When Parvana and Shauzia find themselves digging up bones to make money to support their families, Parvana's reflects on how they must share their experience so that people know of the extreme, impoverished circumstances the Taliban regime has precipitated. This passage simultaneously conveys hope for the future; she is confident a time will come when she will be on the other side of her hardship.

"They don't stay there forever," Mrs. Weera said. "They get up again, and they fight back."

Mrs. Weera, p. 129

Parvana lies on a toshak (mattress) for two days when she learns that the Taliban has occupied Mazar, following the example her mother set in the early chapters of the book. Parvana insists this is what women in their family do to deal with grief, while Mrs. Weera reminds her that her mother recovered from her grief and soon began teaching and writing again. This passage touches on the themes of resilience and courage, both of which are qualities necessary for women living under the Taliban to fight against their oppressors.

"Land mines are as common as rocks and can blow you up without warning. Remember your brother."

Father, p. 136

In this passage, Parvana's father warns her of the imminent danger of landmines strewn throughout Kabul. Using a simile, he likens the ubiquity of landmines to rocks, which Parvana could step on at any moment and lose her life, just as her brother Hossain did.

When they first took over the capital city of Kabul and forbade girls to go to school, Parvana wasn’t terribly unhappy.
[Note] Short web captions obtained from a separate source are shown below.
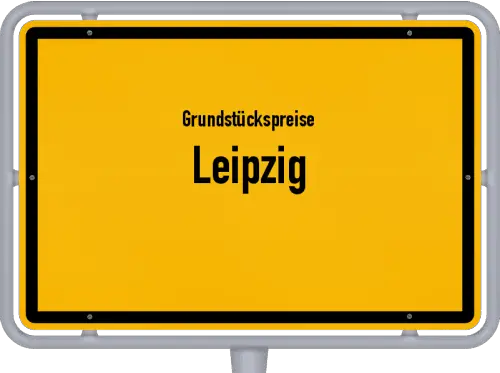 Grundstückspreise Leipzig - Ortsschild von Leipzig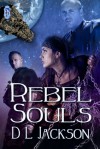 Rebel Souls - D.L. Jackson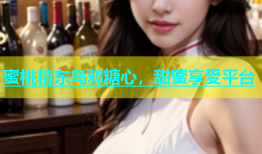 蜜桃精东乌鸦糖心，甜蜜享受平台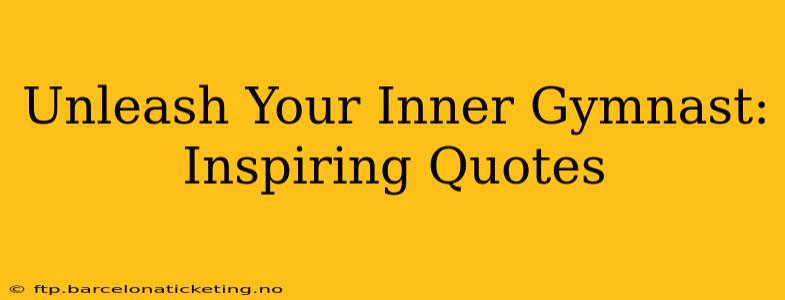 Unleash Your Inner Gymnast: Inspiring Quotes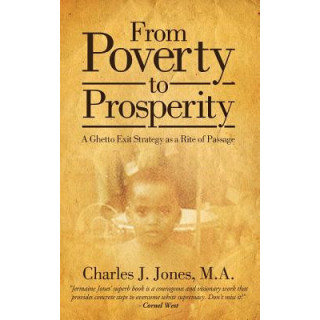 From Poverty to Prosperity: A Ghetto Exit Strategy as a Rite of Passage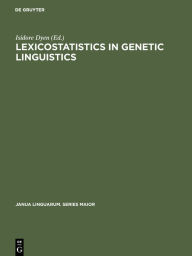 Title: Lexicostatistics in Genetic Linguistics: Proceedings of the Yale Conference, Yale University, April 3-4, 1971 / Edition 1, Author: Isidore Dyen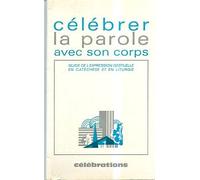 Célébrer La Parole Avec Son Corps - Guide De L'expression Gestuelle En Catéchèse Et En Liturgie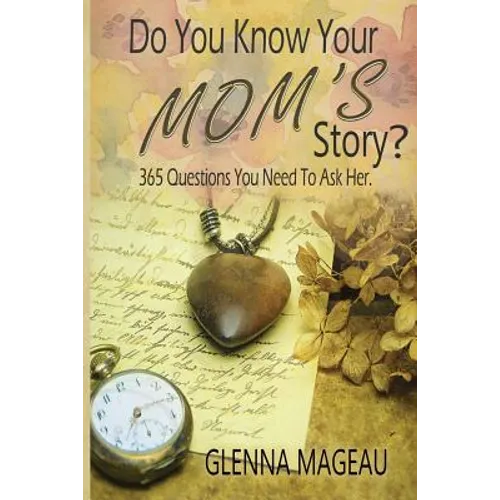 Do You Know Your Mom's Story?: 365 Questions You Need to Ask Her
She had a test coming up in arithmetic that she hadn’t prepared for, and she was in trouble for talking in class again. The teacher was going to send a note to her mother, but the Taliban took over first.

Narrator, p. 11

Early in the book, the narrator comments on how Parvana naively welcomed the Taliban's takeover of Kabul when it first happened because it meant she didn't have to worry about school. The passage is significant because it speaks to the profound difference between Parvana's current perspective and how she felt before the Taliban took over, when the authority figures she most feared were teachers and parents.

She grabbed hold of the bone that was sticking out of the ground and pulled. It came out of the dirt as if it were a carrot being pulled up from a garden.

Narrator, p. 90

When Parvana and Shauzia begin collecting bones at the graveyard, the first bone pulls out of the soil like a carrot. In this simile, Ellis makes a bizarre experience most readers would never have encountered seem familiar by likening the process to withdrawing a carrot from soil.

“What the bombs didn’t get, the bandits did. Makes it easier to move, though, doesn’t it?”

Mrs. Weera, p. 72

This passage is taken from a scene in which Parvana helps Mrs. Weera pack her few possessions before moving in with Parvana's family. After Mrs. Weera explains that she has lost her family and belongings in war, she jokes that it makes it easier to move. This turn to humor speaks to Mrs. Weera's resilient attitude in the face of adversity. She focuses resolutely on the future, refusing to dwell on her sorrows and grief.

Parvana settled back in the truck beside her father. She popped a dried apricot into her mouth and rolled its sweetness around on her tongue. Through the dusty front windshield she could see Mount Parvana, the snow on its peak sparkling in the sun.

Narrator, p. 141

The last lines of the novel end on a note of hope amidst the uncertainty Parvana faces. "Mount Parvana" is not the mountain's official name but rather the name her father, at the beginning of the book, bestowed upon it. By referring back to the reference, the book ends by suggesting that the world is what one makes of it; despite what more powerful people may wish to impose on her, Parvana's destiny is in her hands.